From a clinical standpoint, this case underscores several important lessons. First, mitochondrial disease should be considered in patients with unexplained cardiomyopathy when cardiac findings coexist with extracardiac features such as renal dysfunction or sensorineural hearing loss, even in the absence of neurological symptoms. Second, CMR plays a pivotal role in raising suspicion of a metabolic etiology through identification of diffuse, non-ischemic late gadolinium enhancement patterns.

Third, this case highlights the limitations of EMB in mitochondrial cardiomyopathies, particularly when specialized histochemical or ultrastructural analyses are not available. In such scenarios, genetic testing may provide the most definitive diagnostic information and should be considered early in the diagnostic pathway. Finally, establishing a unifying diagnosis enables appropriate genetic counseling, cascade testing, and long-term planning, including timely referral to advanced HF programs.

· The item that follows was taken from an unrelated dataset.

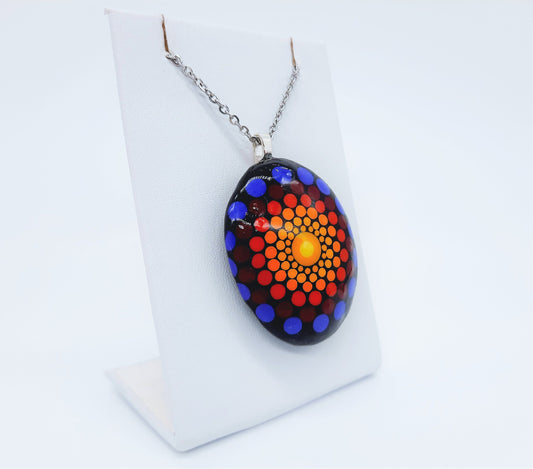 Handpainted Rainbow Dot Mandala Necklace, Stone / Rock Pendant, Sealed w/ Resin, Hypoallergenic Stainless Steel Chain, Lobster Claw Closure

This case highlights the importance of considering mitochondrial disorders in patients with unexplained cardiomyopathy and multisystem involvement. Early genetic testing is particularly valuable when standard diagnostic evaluations are nondiagnostic. Family counseling is essential due to maternal inheritance, and cascade testing was recommended to the patient’s maternal relatives. The case underscores the diagnostic value of integrating clinical features, CMR findings, and genetic testing to establish a unifying diagnosis in complex multisystem presentations.

From an advanced HF perspective, mitochondrial disease raises additional considerations for HTx evaluation. Candidate assessment should explicitly address extracardiac involvement, particularly neurological status, renal function, and the overall trajectory of multisystem disease, because these factors may influence perioperative risk and post-transplant outcomes. In our patient, the severity of cardiac involvement prompted transplantation evaluation, while the extent and progression of extracardiac manifestations required careful multidisciplinary consideration.

Future research should focus on defining imaging and genetic markers that allow for the earlier identification of mitochondrial cardiomyopathies in cardiology practice. Prospective registries and collaborative studies are needed to better characterize the natural history, optimal heart failure management strategies, and transplant outcomes in this patient population. Increased awareness among cardiologists may ultimately lead to earlier diagnosis, improved patient selection for advanced therapies, and better integration of multidisciplinary care.

4. Conclusions

This case illustrates that MELAS syndrome may present predominantly with rapidly progressive cardiomyopathy and advanced HF, even in the absence of overt neurological manifestations. Integrating extracardiac ’red flags’ with CMR tissue characterization and early genetic testing can enable a unifying diagnosis and guide advanced HF management.